HOW TO COMPLETE THIS TASK
Please repeat the records exactly from their first line, finishing at the line containing "Moto Guzzi V7 Stone Centenario (2021 - 22)" and including it.

SOURCE INFORMATION
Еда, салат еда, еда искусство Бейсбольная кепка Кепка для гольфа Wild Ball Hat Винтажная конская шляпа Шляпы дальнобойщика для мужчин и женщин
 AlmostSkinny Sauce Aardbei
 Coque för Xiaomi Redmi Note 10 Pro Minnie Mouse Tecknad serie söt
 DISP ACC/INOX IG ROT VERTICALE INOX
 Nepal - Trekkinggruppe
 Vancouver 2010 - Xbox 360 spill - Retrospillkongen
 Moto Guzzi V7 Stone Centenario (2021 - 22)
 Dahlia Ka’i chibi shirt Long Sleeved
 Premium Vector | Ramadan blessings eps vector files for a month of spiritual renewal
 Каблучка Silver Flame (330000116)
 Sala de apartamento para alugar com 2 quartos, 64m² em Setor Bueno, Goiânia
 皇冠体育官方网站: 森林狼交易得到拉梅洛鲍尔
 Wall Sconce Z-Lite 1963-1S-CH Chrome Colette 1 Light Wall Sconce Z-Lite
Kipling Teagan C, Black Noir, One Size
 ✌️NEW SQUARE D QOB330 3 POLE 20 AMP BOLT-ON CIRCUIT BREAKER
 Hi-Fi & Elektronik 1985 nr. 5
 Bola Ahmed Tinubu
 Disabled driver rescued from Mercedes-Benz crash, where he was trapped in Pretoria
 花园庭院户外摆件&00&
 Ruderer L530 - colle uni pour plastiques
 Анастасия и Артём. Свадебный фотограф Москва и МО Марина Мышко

SOLUTION TO THE PROBLEM
Еда, салат еда, еда искусство Бейсбольная кепка Кепка для гольфа Wild Ball Hat Винтажная конская шляпа Шляпы дальнобойщика для мужчин и женщин
 AlmostSkinny Sauce Aardbei
 Coque för Xiaomi Redmi Note 10 Pro Minnie Mouse Tecknad serie söt
 DISP ACC/INOX IG ROT VERTICALE INOX
 Nepal - Trekkinggruppe
 Vancouver 2010 - Xbox 360 spill - Retrospillkongen
 Moto Guzzi V7 Stone Centenario (2021 - 22)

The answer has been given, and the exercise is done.